Thursday, October 29, 2009

When HTML encoding can bite you

I’ve been using TweetDeck to follow Twitter.  It’s a great app, but it has some quirks.  Like it’s ginormous memory usage.   Another is how it renders the text of a tweet. I’ve seen a few tweets go by where the text had HTML escape sequences instead of the text. 

This tweet is an example:

It should display as:

City shelves happy hour: Many of you will be glad we aren’t this city — they’ve shelved their..

In Tweetdeck, it displays as:

City shelves happy hour: Many of you will be glad we aren’t this city — they’ve shelved their..

A screenshot of that tweet:


If you view the link on Twitter, you’ll see the text the “right” way.  I couldn’t figure out what was wrong.  I posted a message in the TweetDeck support site and they couldn’t replicate the problem.  Then I looked at bottom line of the tweet.  It has been posted to Twitter from TwitterFeed.  I had never heard of TwitterFeed, so I signed up for an account.

TwitterFeed is a free service that can scan your blog’s RSS feed and look for new blog postings.  It can then post the first 100 or so characters from the post to your Twitter and/or Facebook accounts.  And that’s where the problem occurs. 

HTML and XML use escape sequences to define special characters.  What you see rendered in the browser is not literally the same text in the source for that page.  Literal characters like “<” and “>” have special meaning in XML and HTML.  To display those characters on the page, they needed to be encoded as &lt; and &gt; respectively.  It’s all magic that goes on behind the scenes, you usually are never aware of it.

When TwitterFeed gets the latest post from your blog, it’s pulling it from the RSS feed and the text is encoded with the right escape sequences.  They then call the Twitter and/or Facebook API to post that text.  They are sending HTML/XML encoded text to functions that are expecting plain text.  When Twitter displays that new blog posting as a tweet, it’s including the encoded text.  Your browser sees that encoding and decodes it back again.  Facebook on the other hand displays the text encoded.

TweetDeck isn’t a browser, it’s a desktop or mobile application.  It renders the tweets as plain text and assumes that the API call that it suing to get tweets from Twitter is sending back plain text.  So the question is where is it broken.  I’ve only seen this problem with entrties posted by TwitterFeed, I would be the first place I would look.  I think they will need to a HTML decode on the text that they are scraping from the RSS feed and send it as plain text to Twitter and Facebook API’s.

btw:  Kristi Gustafson is worth following, even if her text is getting mangled by TwitterFeed.


  1. Hi there - Mario from twitterfeed here. Just a couple of clarifications:

    - the issue with TweetDeck and some other twitter clients is actually slightly more complex: they see a "#" character in the text, and try to automatically turn it into a link (to support automatic links for hashtags). This means they insert code like <a href=...> inside the HTML entity, which obviously breaks it. You can actually see this in your screenshot - the "8217" has been turned into a link because it appears after the has character. I'm in frequent contact with the TweetDeck guys and they are aware of the issue, and are working on a fix as far as I know.
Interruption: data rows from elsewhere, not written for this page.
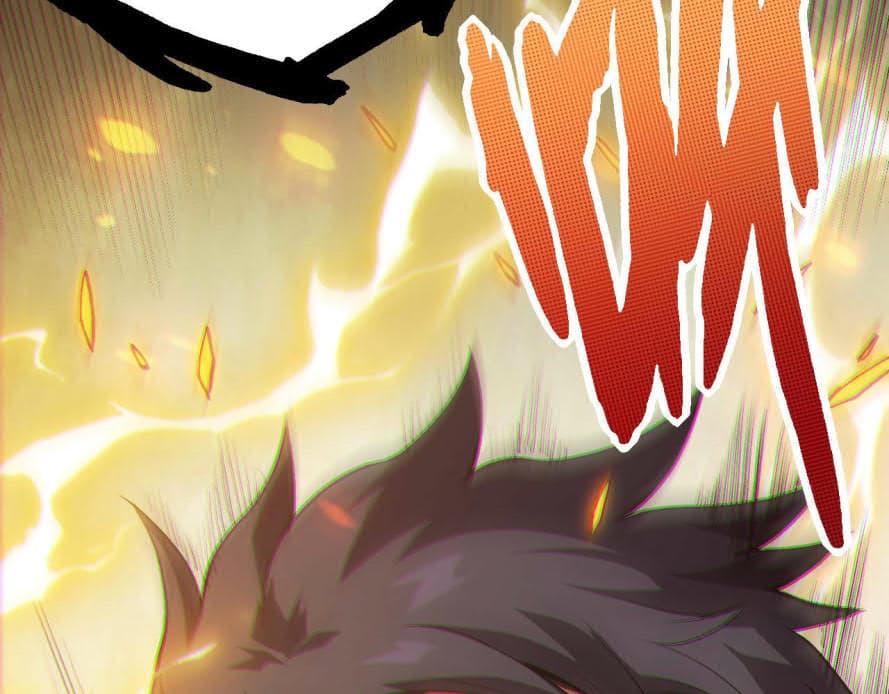Evolution Begins With A Big Tree - Chapter 18 - Page 192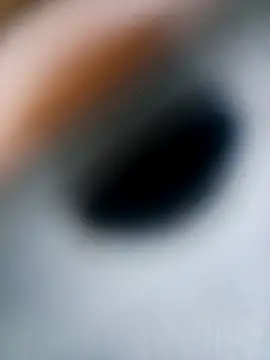 Sexy-Aliya online show from March 2026 08:48:01 PM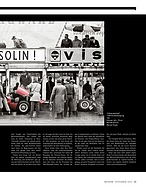 Seite 13 von Octane Nr. 1 / 2012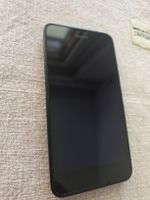 Smartphone Nokia  Schwarz guter Zustand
    - re. facebook, we are still working on trying to find a way to post HTML entities and other non-English characters to their Stream.publish API method. Other developers seem to have the same problem, so we're still trying to figure out if this is a Facebook API bug, or if there is anything we can do to fix at our end.

    Hope this helps, cheers,

  2. Thanks for that information Mario. That would make sense with TweetDeck. If you assume that everything that has a "#" character is a hashtag, then you are going to have problems.

    This should be easy to fix for this case though. They should only identify hashtags when "#" is at the beginning of the text or is preceded by a " ". I don't know if that fixes everything, but it's a move in the right direction.

  3. I'm using the twitter api to post new blogpost to twitter. The posts are normaly in norwegian with the norwegian letters æ ø å. They are also encoded and with a # in the code. TweetDeck has still this issue.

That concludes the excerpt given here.